So in the last few posts, I’ve been talking about Jets. I’ve also touched on ways to identify a specific type of jet: the b-Jet. Recall, a b-Jet is a jet that is produced as a result of the hadronization of a b or anti-b quark (termed bbar or simply b).
I also outlined some properties of B-Hadrons (see the second link above). So let’s start to put these properties to good use and flesh out one of the standard B-Taggers used by high energy physicists, namely the Track Counting (TC) Algorithm.
(Again, you may click on any of the below images to enlarge them further).
One Track, Two Track, Three Track, Four!?
In my previous post I stated that a B-Hadron will produce roughly five charged particles per decay. These charged particles will then leave a track within the Silicon Tracker of CMS. So if a jet is a b-jet, it will have more high impact parameter tracks then a jet produced from the hadronization of a light quark or gluon.
The Track Counting approach is actually rather simple, physicists require a jet to have at least N tracks (for some integer N). In CMS we take N to usually be 3, but I will explain why in more detail below. However, we don’t use all of a jet’s tracks in the TC Algorithm. We require the tracks used to be of “high quality”.
But what does that mean? How do you judge the “quality” of a track? The answer is information, how much the detector knows about the particle that made that track. This comes about in the form of how many hits a particle left within the silicon tracker as it traveled (these hits are then used to make the track). If the particle left more hits in the tracker it means higher track quality. Here’s an example of two tracks, the one on the left has more then 10 hits in the tracker, while the one on the right has only 5. So, the left track is of higher quality.
Here the blue dot at the start of each track represents the location of the primary vertex (the point where the proton-proton collision occurred). The track itself is represented by the green line.

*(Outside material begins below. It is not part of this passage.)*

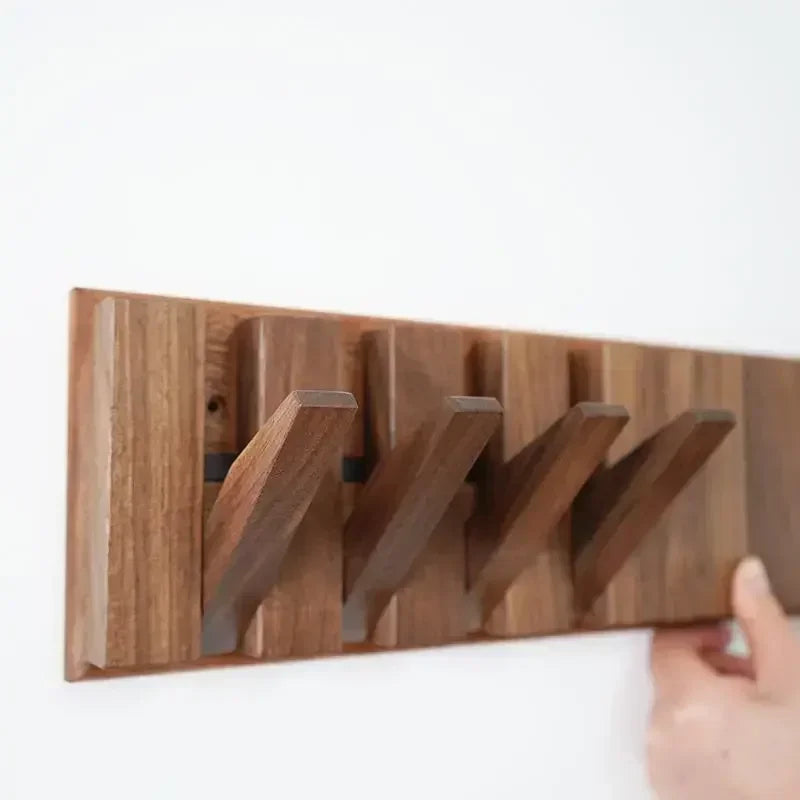 Väggmonterat Klädhängare | Massiv Trä Ingen-Borr Organisatör | Platsbesparande Entréhakar | Brick by Brick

The track’s hits in Silicon Tracker of CMS are represented by the blue rectangles (each rectangle is a piece of the Silicon Tracker).
A Measurement of Impact
Now that we have a collection of high quality tracks belonging to a jet, how do I use them to test if the jet is a b-Jet or not? We look at something called the impact parameter, or the distance between the primary vertex and the closest approach to the track. A visualization will help with understanding this:
The track is represented by the dotted blue line. And this track belongs to a jet (with a direction given by the green arrow). This Jet direction represents the direction of the jet’s cone within the detector (see the first link above to get an idea of what a jet cone is like in CMS).
The Impact Parameter, is represented by the red line, and is drawn from the primary vertex to the track. Notice how the point where the IP touches the track, a right angle is formed, this is how the point of closest approach is identified. Also, the location where the red line makes a right angle with the track is unique. Meaning, the IP always makes a right angle with the track, and there is only one IP per track.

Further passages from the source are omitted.